Following a bench trial on an African-American police officer’s Title VII claims, a federal court in Oklahoma found against his discrimination claim even though he proved race was a motivating factor in his being the only officer ordered to march in the MLK parade, because the action did not change his employment status or the terms and benefits of employment. As such he had not suffered an adverse action. On the other hand, he proved that, in retaliation for his objection to having to march, he was given the worst performance evaluation in 30 years and was moved to a different shift that required him to use accrued time off to spend time with his family. Granting the employee’s request for equitable relief, the court ordered the poor evaluation expunged from his record and ordered the city to return 389 vacation hours and 64 sick leave hours to his leave account (Busby v. City of Tulsa, January 25, 2018, Dowdell, J.).
Marched in parade under protest. Hired by the Tulsa Police Department (TPD) in 1981, the employee worked his way up to become a captain by 2008 and was later assigned to be a second shift commander.
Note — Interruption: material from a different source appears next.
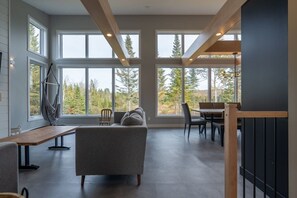 Fernseher, Kamin, Stereoanlage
In January 2010, the major in charge of the division, who is also African-American, ordered him to march in the MLK parade. He said he did not want to participate because he believed the TPD was trying to use his appearance as a sign that he endorsed the TPD as racially unbiased. He also asked if he could take a few hours of holiday leave during the parade so he would not be required to march as a TPD representative. The request was denied.
Although other captains participated in the parade, the employee was the only captain ordered to do so. Two captains volunteered and the city admitted that one of the four captains under the Mingo Valley division commander, who is white, was not ordered to march and was granted holiday leave. The employee complained that the order to march was “illegal” and “unfair” but he participated under protest.
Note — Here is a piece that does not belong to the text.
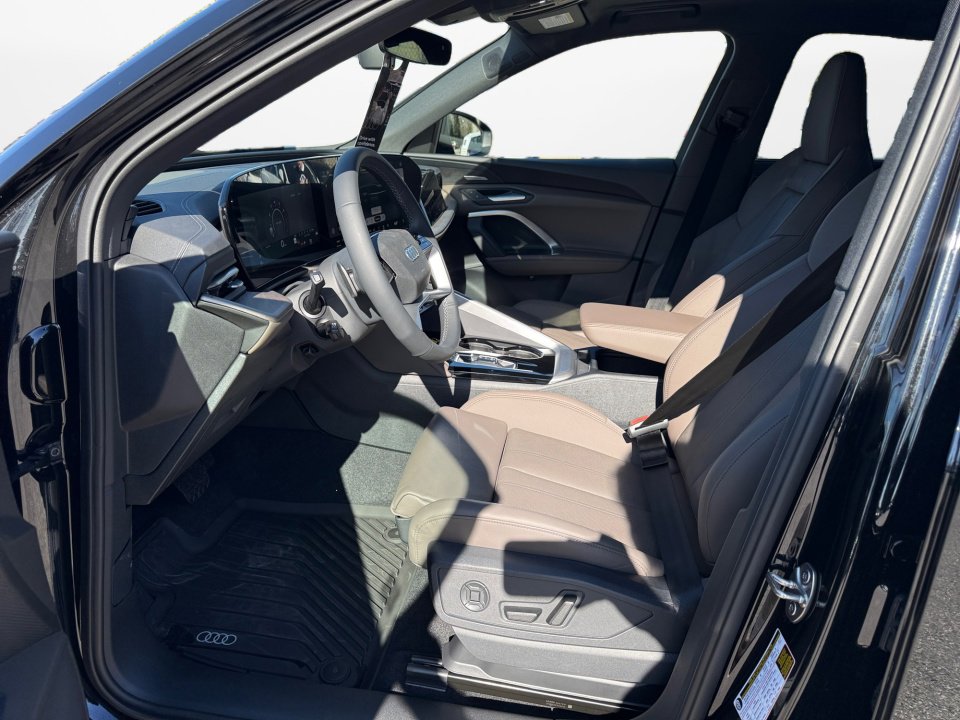 New 2026 Audi Q5 Premium Plus image 9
Negative review, shift change. Thereafter, the employee was allegedly subjected to retaliation. His 2010 performance review was the worst he received in 30 years with the TPD—his opposition to being ordered to march in the parade was prominently identified in the review, including his “Needs Improvement” rating for conformance with rules, policies, and instructions.
In addition, he was moved from the day shift to a newly-created fourth shift (4:00 p.m. to 2:00 a.m.), allowing little time with his wife and young daughters. He testified that he often did not see his daughters during the week, and he missed cheerleading performances and birthdays. He claimed that, as a result, he had to use substantial vacation time he spent years accruing. He filed a formal complaint of discrimination with the TPD on June 18, 2010, and later sued.
Ordered to march based on race, but claim fails. Following a bench trial on the employee’s Title VII claims, the district court ruled in favor of the TPD on his race discrimination claim. The court found that the evidence, including testimony from the employee and the major in charge, supported the conclusion that he was ordered to participate in the MLK parade based on his race. However, the court further concluded that being ordered to march in the parade and being denied leave for a few hours to avoid marching did not constitute a significant change in his employment status, benefits, or conditions of employment. At most, the actions were a “mere inconvenience” for less than a day. Moreover, the employee did not introduce evidence that he suffered any damages, nor did he request an award of damages, for his disparate treatment claim.
Officer prevails on retaliation claim. On the other hand, the employee prevailed on his Title VII retaliation claim. With respect to his protected activity, the employee produced evidence that he believed in good faith, and informed his employer that he believed, that the division major’s order constituted unlawful race discrimination. And as for adverse employment actions, the court found that a reasonable employee would have found the 2010 performance evaluation to be materially adverse such that a reasonable worker would be dissuaded from engaging in protected activity. Specifically, it was the worst evaluation he had received in 30 years and it included serious critiques that he was “openly defiant about some assignments and directives” and had “often been insolent, insubordinate and hostile.” The court further determined that the employee established a causal link to his protected activity, particularly because his opposition to being ordered to march in the parade was cited more than once in the evaluation.
Likewise, the shift change was materially adverse because it was a hardship on the employee and his family and, to maintain a semblance of family life and see his daughters after school, he was forced to use substantial amounts of vacation time that he spent years accumulating. The court also found that this action was causally linked to the employee’s race discrimination complaint. Though the major in charge of the division denied making the decision out of anger or retaliation, he admitted that at the time he decided to move the employee to the new shift, he was feeling “hurt and disappointment” because of the employee’s claim of race discrimination.
Moreover, the major made the transfer decision soon after the parade but didn’t tell the employee for months and, meanwhile, he wrote to the chief asking that the employee stay under his command, indicating that he kept the employee there to follow through on the retaliatory shift change. The court also noted there was a practice in the TPD of giving senior captains preference when possible in shift and day assignments, but the employee was denied his request to stay on the second shift even though he was the most senior captain. Based on the foregoing, the court concluded that retaliation was the but-for cause of the transfer.
Equitable relief. The employee requested only equitable relief, so the court ordered that the negative evaluation be purged from his records and ordered the city to restore to him the 389 acquired vacation hours and 64 hours of sick leave he used due to the retaliatory transfer.